While most of us may eventually see viral content on Facebook or Twitter, its genesis is usually on places like Reddit or Tumblr. While there are risks in using these platforms (4Chan in particular is a dangerous place for the uninitiated) there is a ton of promotional value being left on the table if you don’t use these sites. I almost never see experts in the policy space participate in Reddit AMAs (Ask Me Anything) which provide the public with an opportunity to have the questions they’re interested in answered.
Organizations should look outside the “likes” and “followers” metrics on social media. Both Facebook and Twitter, along with other platforms, offer paid advertising options with sophisticated targeting tools, making it easier than ever to reach your desired audience beyond your organic reach. Do you have a report that is relevant to people in a particular region or members of a particular demographic? Why aren’t you targeting them with a small paid campaign?

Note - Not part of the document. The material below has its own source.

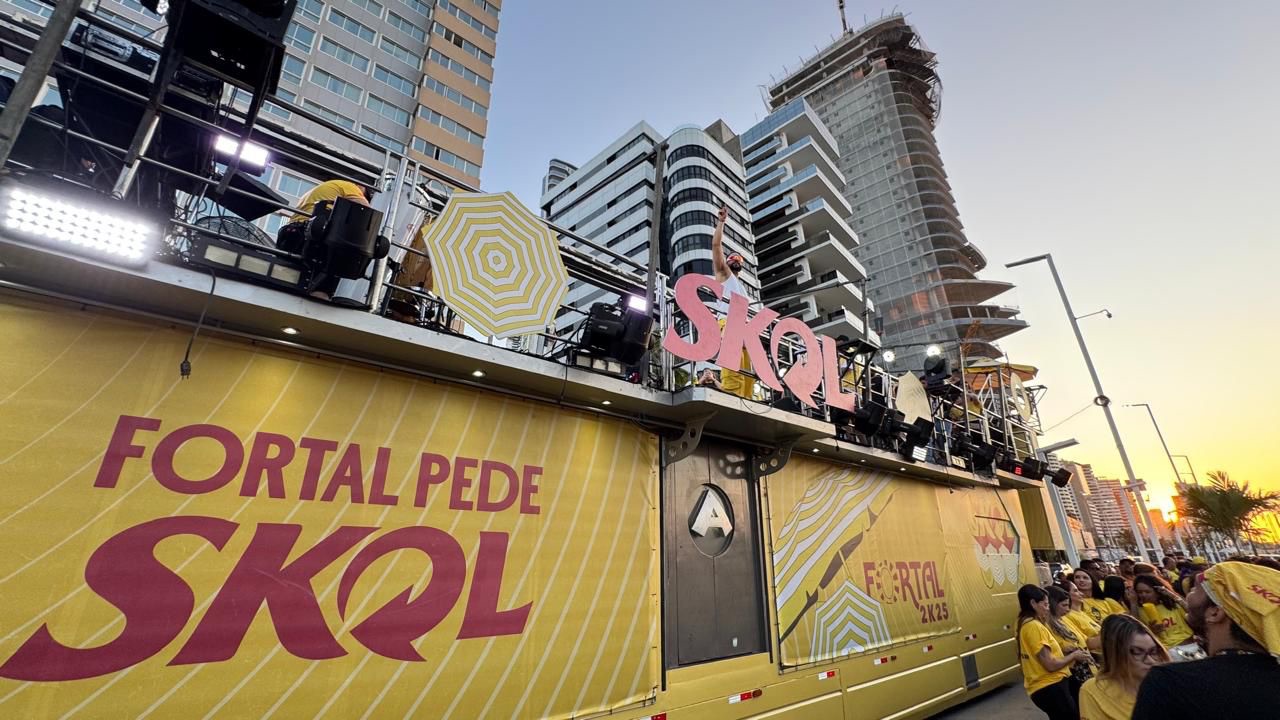 Skol celebra retorno ao Fortal com trio de Henry Freitas e experiências que conectam o público à energia redonda da marca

Consider who you have running your social media accounts. Is it your intern or other junior staffers who have been tasked with this role by virtue of being the only members of your staff who are “digital natives?” While it’s unlikely they’ll do anything embarrassing on your organization’s account (although they might), it is likely they’ll use these tools effectively without a strategy, which may be worse in the long run. Someone can be an expert at driving a car but be an awful navigator. Where is your social media team driving you?
Outreach, branding, and taking risks online can be scary propositions for organizations who, let’s face it, can be a bit buttoned up. Funders often prefer (or explicitly require) that their charitable donations go towards the actual work of research and as such, budgets may not have room for promotional expenses. On the first point, the real risk is falling further into obscurity in a world where substance is trumped (no pun intended) by image. On the latter, we need to start reprioritizing our approach (and frankly, our budgets) to reflect a dire need in the think tank sector.
While everyone loves free canapes and liberally poured wine (or Laphroaig if we’re lucky) after a public policy chat, if we reallocated some of our catering budgets, along with our brain power, to digital strategy we may have a shot at putting facts back on the menu.
Tom Hashemi is the director of We are Flint, a research, design, and communications agency.